The 22nd Thessaloniki Documentary Festival presents a tribute to animated documentary
The 22nd Thessaloniki Documentary Festival (5/3 – 15/3/2020) presents an extensive tribute to animated documentary, a surprising hybrid sub-genre that has grown rapidly in the last few years.
The tribute includes a selection of short and feature animated documentaries and its aim is to bring out the use of animation as a tool for representation, showing the different functions and techniques.
Comedies, thrillers, portraits, contemporary narratives: Animated documentaries are as versatile as life itself.
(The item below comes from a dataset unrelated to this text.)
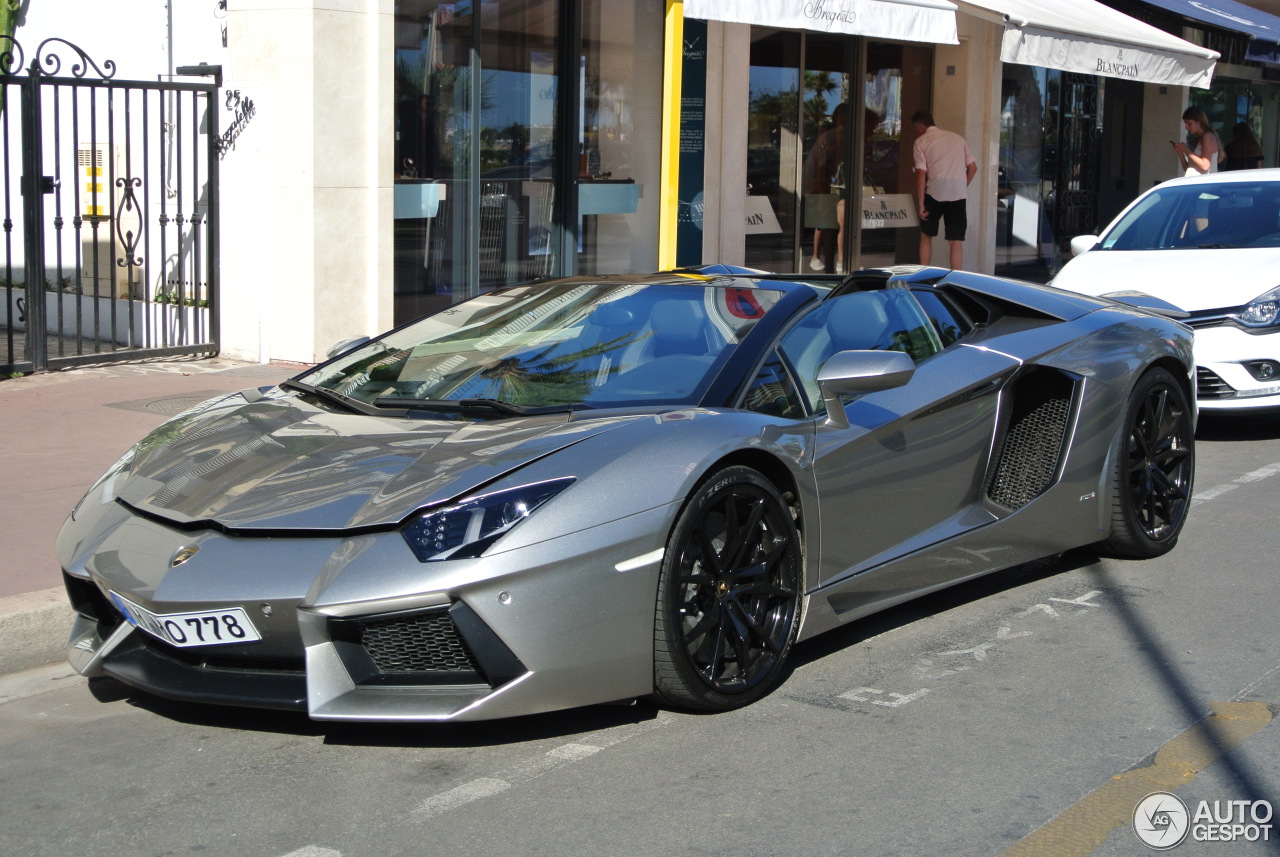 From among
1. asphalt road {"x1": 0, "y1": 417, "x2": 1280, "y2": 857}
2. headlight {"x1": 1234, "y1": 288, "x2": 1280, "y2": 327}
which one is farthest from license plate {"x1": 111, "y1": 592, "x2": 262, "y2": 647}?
headlight {"x1": 1234, "y1": 288, "x2": 1280, "y2": 327}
Animation offers creative freedom to directors, brings History to life and changes the art of documentary.
The full list of films will be announced soon.
Waltz with Bashir by Ari Folman, 2008, Israel-France-Germany, 87΄
Israeli director Ari Folman is battling the ghosts of the past, through the autobiographical Waltz with Bashir. Almost 26 years after the Lebanon War and the massacre of thousands of Palestinians in the Sabra and Shatila refugee camps under the eyes of the Israeli soldiers. Folman who was a young soldier during the Lebanon War makes a dark journey to the bloody September of 1982.
Crulic: The Path to Beyond by Anca Damian, 2011, Romania-Poland, 73΄
The animated documentary feature-length Crulic – The Path to Beyond tells the story of the life of Crulic, a 33-years-old Romanian who died in a Polish prison while on hunger strike. The acclaimed Romanian actor, Vlad Ivanov, narrates Crulic’s ironic voice over from beyond the grave. A strong visual style, the result of beautiful hand drawn, collage, stop-motion and cut-out animation techniques, blend to create a striking, surprisingly integrated and memorable film.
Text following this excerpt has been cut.